In its report released on July 20, the AGO had found SSG lax in enforcing the collection of SDL funds from 2015 to 2020. This resulted in an estimated $43 million owed to the agency as at April this year.
The SDL is a levy which companies pay every month for foreign and local employees in Singapore, which is about 0.25 per cent of their monthly wages.
The report also found that SSG, which is the government agency in charge of lifelong learning, had overpaid an estimated $4.22 million due to lapses in the management of its grants.
Responding to questions from MPs Yip Hon Weng (Yio Chu Kang) and Sylvia Lim (Aljunied GRC) on the AGO's findings, Ms Gan said SSG uses existing government data, such as data from the Central Provident Fund, to estimate how much in levies companies should pay.
This means that SSG's estimates may differ from the actual amount paid by employers, due to factors like fluctuations in workers' actual wages every month.
SSG is working with GovTech to roll out an IT system by the middle of next year that can more accurately estimate and track such payments while also helping employers better estimate their SDL liabilities, she added.
Ms Gan, who is also Minister of State for Manpower, said SSG has started engaging affected employers and will contact all of them by the end of the financial year, and that they will be given time to validate the amount owed.
SSG will send payment reminders and develop more efficient processes to resolve differences in companies' and SSG's estimates, she added.
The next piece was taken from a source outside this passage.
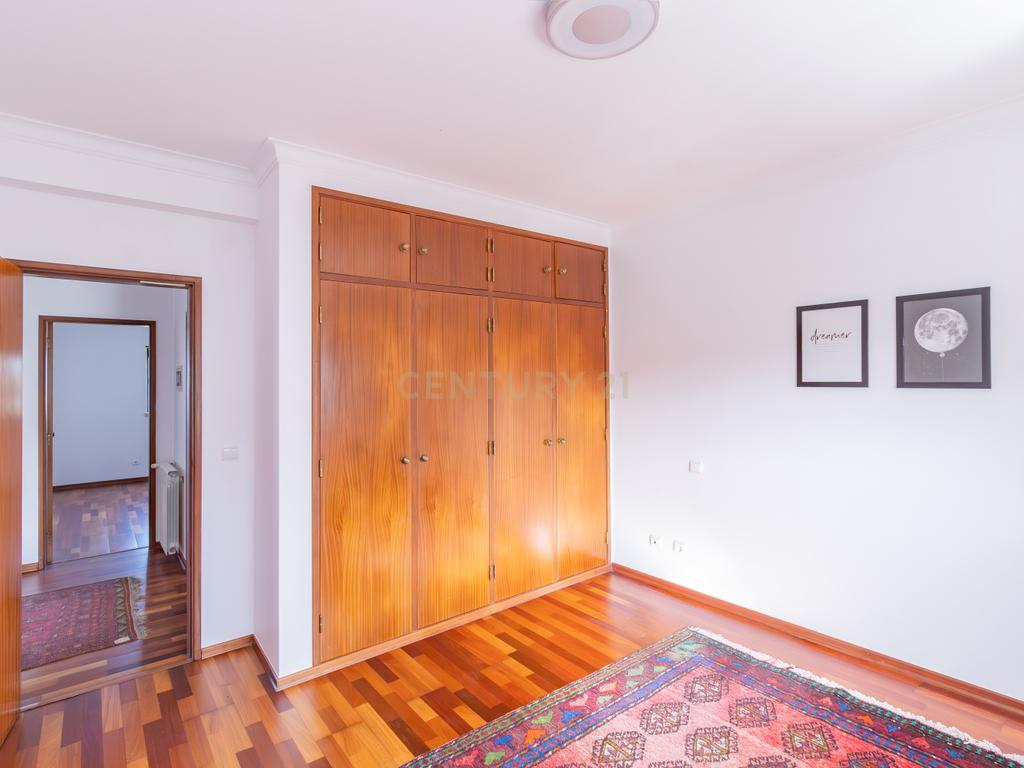 Moradia T5 situada no Aldeamento Bela Vista, Lameira -Alcobaça - Image 25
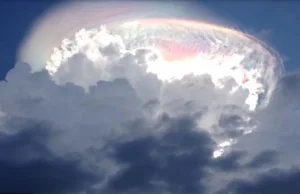 Niepowtarzalna tęczowa chmura nad Kostaryką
"For the few recalcitrant employers who do not pay the outstanding levies despite reminders, SSG will take decisive punitive action," she said.
Addressing the overpayment of grants by SSG, Ms Gan said the agency was still investigating and had not yet determined if they were due to fraud.
"We have not used that term yet because, as I explained, there is a lengthy verification process with the individuals and the companies and training providers involved," she said in reply to a follow-up question by Ms Lim.
The bulk of these claims occurred before November 2020, when SSG's IT system was using a declaration-based approach, noted Ms Gan.
Errors had also occurred during manual processing of grants, including human errors made by a service provider contracted by SSG, she added, without naming the provider.
Ms Gan said SSG is now looking at the service provider's contractual liability.
"The root cause we have identified is the massive volume of manual processing that makes it very difficult for all the verifications to be done fully and hence, there needs to be more upstream changes in the policies and business rules," she said.